Donde termina el (pre)juicio, empieza la verdad



Vivimos entre espejos que no elegimos, pero que, sin embargo, deforman nuestra imágen. Hay quienes, desde las sombras de sus propios miedos, proyectan dudas y cuestionamientos hacia terceros, como si esos caminos debieran ser juzgados por el prisma de sus propias inseguridades.


Me resulta llamativo como se construye una vida en la negatividad, una fortaleza desde la cual lanzan juicios y determinaciones al mundo todo. Tal vez lo hagan para apaciguar su propio caos, para sentirse menos solos en el vacío de sus certezas perdidas.

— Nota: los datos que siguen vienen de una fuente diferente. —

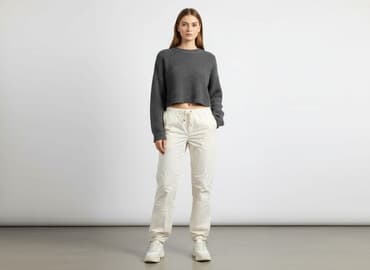 spodnie ze ściągaczem na dole: Material trousers for women, size M — 1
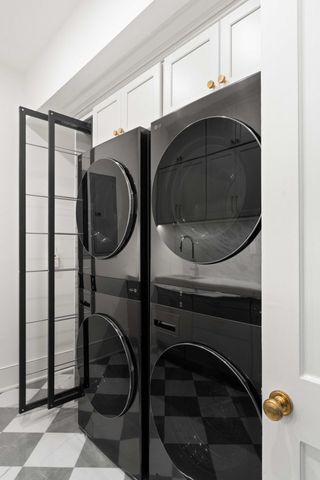 21 New Street, Charleston, SC 29401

Pero, cuánto de esa oscuridad decidimos aceptar como nuestra? Por qué dejamos que su visión estrecha manche el horizonte amplio de nuestras mismas posibilidades?


Posteriormente, la soberbia, ese manto pesado con el que algunos se cubren para elevarse artificialmente. Creen saber, entender, poseer mas, desde una moral impoluta desde la cual pueden dictar sentencias que no les corresponden.


Juzgan como dueños de una verdad universal que nadie concedió, como si su superioridad autoimpuesta otorgara un derecho de condicionar vidas ajenas. Moralistas de ocasión, dictan reglas que ni siquiera aplican a sus propias existencias.


Señalan desde la lejania, inmunes al impacto real de las cuestiones que condenan, seguros de que su determinacion es una contribución al orden del mundo. Pero, no existe nada más egoísta que pretender moldear la vida de otros bajo la sombra de nuestras propias carencias.


Luego está el delicado arte de valorar a las personas. Hay una distancia insondable entre cómo las imaginamos antes de que entren en nuestra vida, cómo las sentimos cuando compartimos el presente y cómo las reinterpretamos cuando ya no están.


Lo cierto es que vivimos atrapados en un diálogo constante entre el eco de otros y el sonido rumiante de nuestra propia voz. Y en esa batalla, el verdadero desafio no es silenciar al mundo, sino aprender a escucharlo sin perderse en el ruido, reconocer, que quienes nos rodean tienen el poder de influir, pero no de definirnos.


Porque finalmente, la única forma de valorar sin distorsión es entender que todo ser humano es un reflejo imperfecto, no de nuestras expectativas ni de las opiniones ajenas, sino de la compleja belleza de ser, simplemente, imperfectamente humano.